The claim comes after Victoria-based Billabong Custom Caravans was ordered to pay a former worker, who took time off to have his daughter baptised in Malta, $15,000 for unfair dismissal.

The Fair Work Commission decided the sacking of caravan finisher Ruben Galea was "harsh, unjust and unreasonable".

But a spokesperson for the company told Caravanning News: "We provide workers with a safe working environment, listen to their suggestions for a better working environment ... and still some employees attempt all means they can to legally obtain more financial benefit.

"We understand some employers take advantage of their workers and need the systems in place to make them adhere to regulations.

"But when you try and satisfy all requirements and still get penalised it is a bit disheartening."

Mr Galea had worked for the Campbellfield manufacturer from 2010 to 2016.
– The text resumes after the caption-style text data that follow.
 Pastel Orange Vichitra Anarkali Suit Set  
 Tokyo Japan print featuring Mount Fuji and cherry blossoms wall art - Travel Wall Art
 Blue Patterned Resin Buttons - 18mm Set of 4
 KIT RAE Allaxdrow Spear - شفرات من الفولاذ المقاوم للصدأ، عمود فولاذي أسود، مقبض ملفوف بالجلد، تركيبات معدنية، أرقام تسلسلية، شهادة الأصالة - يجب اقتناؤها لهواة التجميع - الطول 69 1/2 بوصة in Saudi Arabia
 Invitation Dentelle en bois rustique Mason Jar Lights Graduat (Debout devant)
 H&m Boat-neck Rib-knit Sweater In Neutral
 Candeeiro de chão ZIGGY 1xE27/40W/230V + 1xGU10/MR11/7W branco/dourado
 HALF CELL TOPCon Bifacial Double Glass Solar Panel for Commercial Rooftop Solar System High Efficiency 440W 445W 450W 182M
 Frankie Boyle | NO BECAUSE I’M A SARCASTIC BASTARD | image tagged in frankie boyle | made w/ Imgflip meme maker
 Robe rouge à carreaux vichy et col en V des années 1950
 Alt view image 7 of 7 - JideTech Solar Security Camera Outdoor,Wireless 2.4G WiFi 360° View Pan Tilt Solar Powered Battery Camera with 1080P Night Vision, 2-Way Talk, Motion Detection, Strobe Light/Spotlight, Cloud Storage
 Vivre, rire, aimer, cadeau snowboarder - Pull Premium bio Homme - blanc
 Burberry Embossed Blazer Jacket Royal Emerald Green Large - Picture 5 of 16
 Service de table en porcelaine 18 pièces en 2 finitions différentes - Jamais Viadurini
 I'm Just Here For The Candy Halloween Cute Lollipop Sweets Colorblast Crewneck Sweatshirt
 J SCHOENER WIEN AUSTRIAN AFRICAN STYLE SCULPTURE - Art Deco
Billabong's claim that he had taken six-and-a-half weeks off without approval was rejected by Fair Work deputy president Val Gostencnik.

In his written decision, he said the evidence had been consistent with a Billabong official approving or "at the very least acquiescing" Mr Galea's annual holiday.

"Relying on the taking of unauthorised leave as a reason for the dismissal bears all the hallmark of a recent invention and is not supported by the evidence," Mr Gostencnik said.

He referred to the "informality" of the way employees could apply for leave.

The company maintained that Mr Galea had been reluctant to train a new employee engaged to cover his work during his absence, resulting in production being slowed down.

It claimed he had also convinced other workers to slow down production.

The decision said Mr Galea had admitted refusing to train a replacement employee ‒ identified as Ben ‒ "for a couple of days" because he was upset over being refused bonus money, but claimed he ultimately did help the replacement with training.

The Commission believed Mr Galea's subsequent termination by 'phone was unreasonable and that he did not engage in the conduct that Billabong alleged led to the sacking.

It has rejected Mr Galea's application for costs.